Gerard Way had long black hair and wore amber red ties and caked-on foundation and mascara. The Used were writing lyrics like, "I broke a needle off in my skin / Pick the scabs and pick the bleeding." Teenagers would passionately make out to Hoobastank's "The Reason." It was the aughts. Everything was sensationalized, all of it was cathartic, and none of it made any logical sense in retrospect.

All the while, Creed's "Arm's Wide Open" was being sung all across the country, with only a fraction of listeners picking up on the heavy-handed religious undertones that now seem painfully obvious. It's no doubt that the song was a bop; the post-grunge wave was filled with bops. But the post-grunge fanbase grew up quickly, and the movement dissipated as quickly as it came. When the veil of puberty was lifted, listening back on those songs brought with it a potent mix of nostalgia and shame. It's hard to believe now, in 2019, that a large portion of the population considered Three Days Grace to be saccharine music rather than the soundtrack for a serial killer. Yet whenever one of these bands is replayed during a drunken galivant with "the boys," we sing along almost satirically, because it's more fun to reflect on the past in jest rather than acknowledge that every artist listed above is actually still making music. Scott Stapp, the former lead singer of Creed, is one of them.

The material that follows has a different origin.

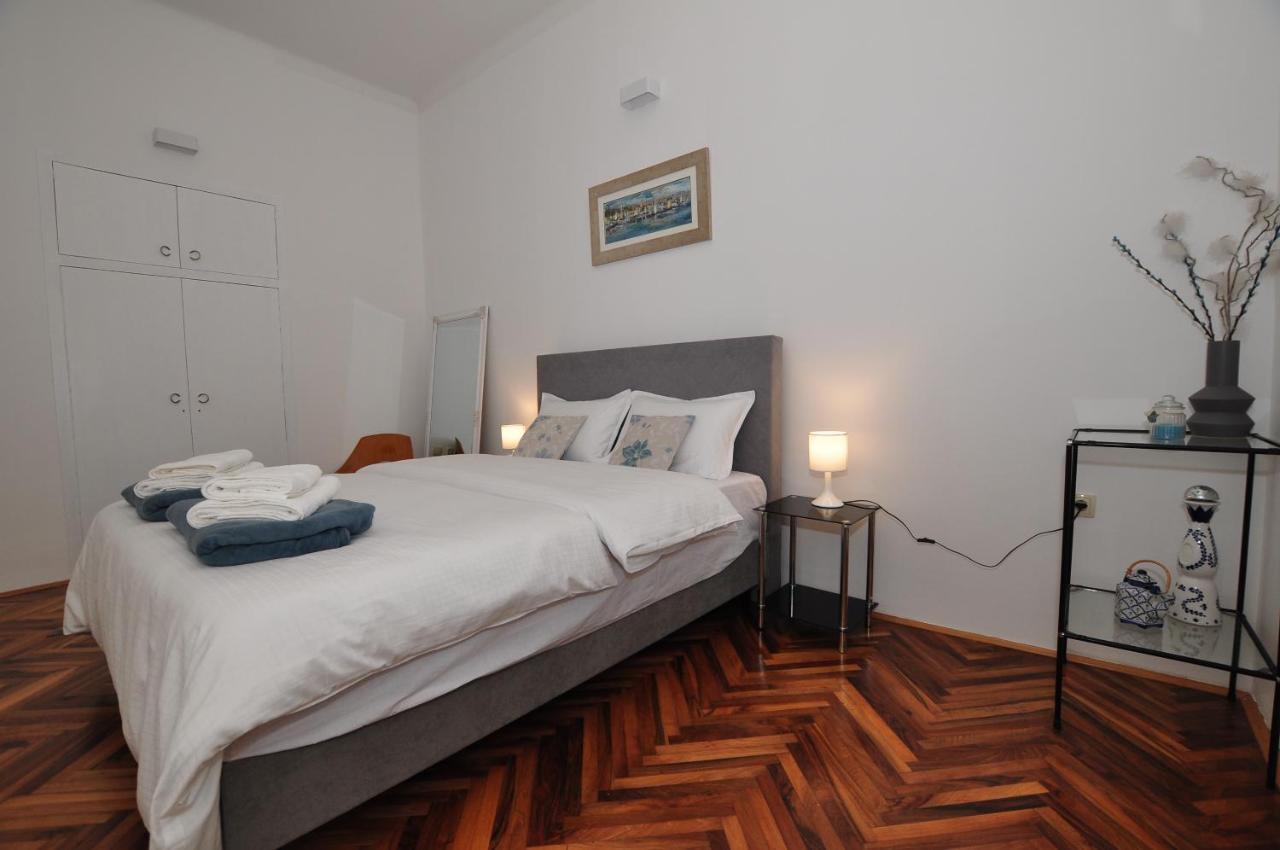 Apartment Moel Split Eksteriør bilde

Stapp's latest solo release, The Space Between The Shadows, is a lie. Disguised as our friend, Stapp offers a nostalgic trip to the Creed days of yore, but upon closer inspection, the release is hollow and impossible to take seriously. "It's hard to forgive, even harder to forget," Stapp sings on "Name," "I am a son without a father." In the video for "Purpose for Pain," Stapp's interpretative condemnation of child abuse makes it seem like he's got corpses buried in his backyard. "Fell into the light, thrown from the abyss, screamed so many nights, not going out like this," Stapp sings. "I fought the devil and he won." Meanwhile, "Face of the Sun," Stapp's pump-up track, is just plain cheesy. "Fight until the end, in the name of love," he calls out with great solemnity. The closing track, "The Last Hallelujah," is so engulfed in its own dramatics it almost becomes satirical.

For years Stapp has been assaulted by his demons, and he has somehow emerged from each near-death experience still charismatic and optimistic for the future. His journey to sobriety and beyond is no doubt admirable, but it's hard to take the testament of Scott Stapp. Any vague guise of sentimentality is overshadowed by the album's clear lack of vulnerability. The cover art, most likely meant to convey a Stapp enlightened by his experiences, just paints the singer as a self-obsessed white guy.

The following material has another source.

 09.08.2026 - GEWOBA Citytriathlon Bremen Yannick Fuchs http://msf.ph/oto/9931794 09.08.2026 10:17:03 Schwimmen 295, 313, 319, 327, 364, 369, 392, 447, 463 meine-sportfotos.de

But maybe this is part of his journey. Maybe Stapp is just going through the motions he needs in order to find a resolution. "Gone Too Soon" may be hard to take seriously on its own, but when placed in the right context, it's clearly a well-intentioned ode to his fallen rock compatriots. The Space Between The Shadows is cheesy and lame and sounds like our dads made a rock band, but it's comforting to know that at least Stapp isn't a dick, and at least Creed fans of the past and present don't have to worry about their beloved rock singer ending up like Wes Scantlin.